Ora Veralyn Eddleman Reed (September 17, 1880 – June 19, 1968), also known as Tucheta or Mignon Schreiber, was an American writer, editor and radio host. Though not officially enrolled, she is usually associated with the Cherokee Nation in Oklahoma, a connection she embraced in her writings and social interactions.

==Early life and education==
Eddleman was born near Denton, Texas, the daughter of David Jones Eddleman and Mary Jane Daugherty Eddleman. Mary Daugherty Eddleman identified as Cherokee and Irish by ancestry, but her 1908 application to be officially enrolled in the Cherokee Nation was rejected by the Dawes Commission. Ora V. Eddleman followed her mother's example in her public presentation as a Cherokee woman, and she maintained a "lifelong connection to Cherokee leaders and to the larger Cherokee community". She attended Henry Kendall College in Muskogee, Indian Territory (now Oklahoma), but left school to help with her family's newspaper business.

==Career==
Eddleman's family owned the Muskogee Daily Times, and she worked at the newspaper as a young woman. She was a co-founder and editor of Twin Territories: The Indian Magazine, a monthly publication, from 1898 to 1904. From 1905 to 1906, she edited the "Indian Department" of Sturm's Oklahoma Magazine. Her columns were noted for their humor. She also wrote short stories under the name "Mignon Schreiber". She published and promoted works by Native American authors including Mabel Washbourne Anderson, Charles Gibson, John Rollin Ridge, and Alexander Posey. She wrote an unpublished novel, Where the Big Woods Beckon, and an unadapted screenplay, Night Brings Out the Stars.

Reed was an active member of the Indian Territory Press Association. She was president of the Yellowstone chapter of the United Daughters of the Confederacy in 1929 and 1931. She was also a member of the Daughters of the American Revolution, and the Oklahoma Historical Society. She became active in radio in Casper, Wyoming, in the 1930s, hosting a half-hour talk show and dispensing advice as "the Sunshine Lady". She has been described as "the first Native American broadcaster" and "the first Native American talk show host".

==Publications==
- "Lucy and I as Missionaries" and "Only an Indian Girl" (1900, Twin Territories, stories; as Mignon Schreiber)
- Status of Indian Schools (1902, report)
- "Great Works of an Indian" (1906, Sturm's, article)
- "The Indian Orphan" (1908, Sturm's)
- "Modern Mistress Lo" (1908, Harper's Bazaar, article)
- "Billy Bearclaws, Aid to Cupid" (1909, story)
- "Daughters of the Confederacy" (1910, Sturm's)
- "A Toast" (1914, short poem)
- "Pioneer Publisher, First Daily in Indian Country" (1945, The Chronicles of Oklahoma)
- "The Robe Family: Missionaries" (1948, The Chronicles of Oklahoma)
- "What the Curious Want to Know" (a regular column in Twin Territories)
- "Types of Indian Girls" (a regular feature in Twin Territories)

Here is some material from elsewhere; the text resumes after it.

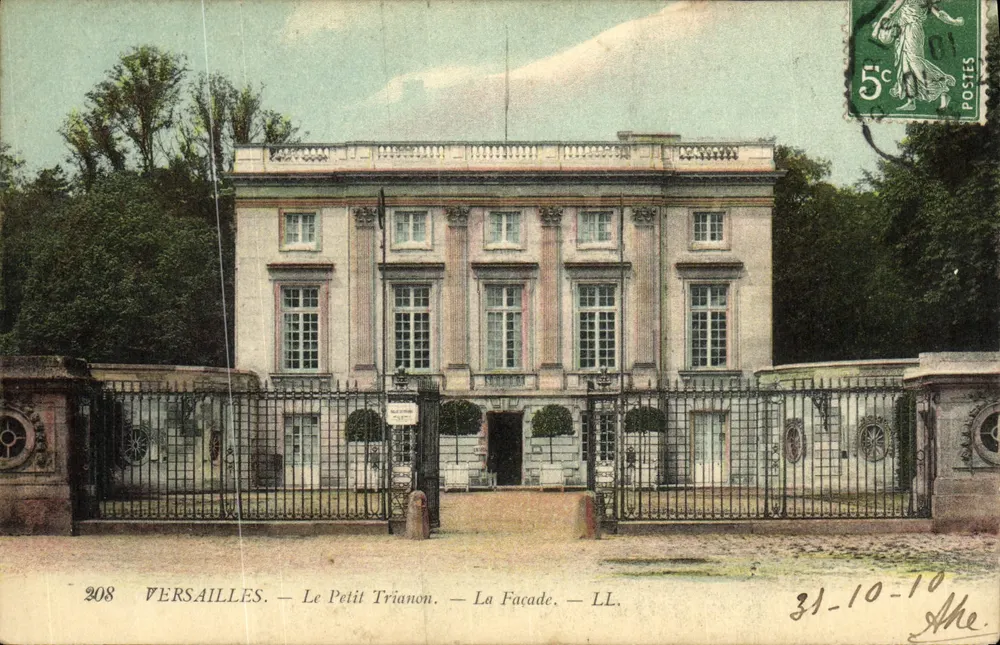 Versailles — O Petit Trianon — A Fachada — LL. n°208 - Frente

==Personal life and legacy==
Eddleman married fellow journalist Charles L. Reed in 1904; they had two sons, Roy and David, and two more children who died in infancy. Her husband worked for the Bureau of Indian Affairs, and as a scout for oil companies. The Reeds moved to Wyoming in 1924, and back to Oklahoma in 1932. Her husband died in 1949, and she died in 1968, at the age of 87, at a nursing home in Tulsa. A collection of her selected works was published in 2024 by the University of Nebraska Press. The University of Oklahoma has a microfilm run of Eddleman's Twin Territories.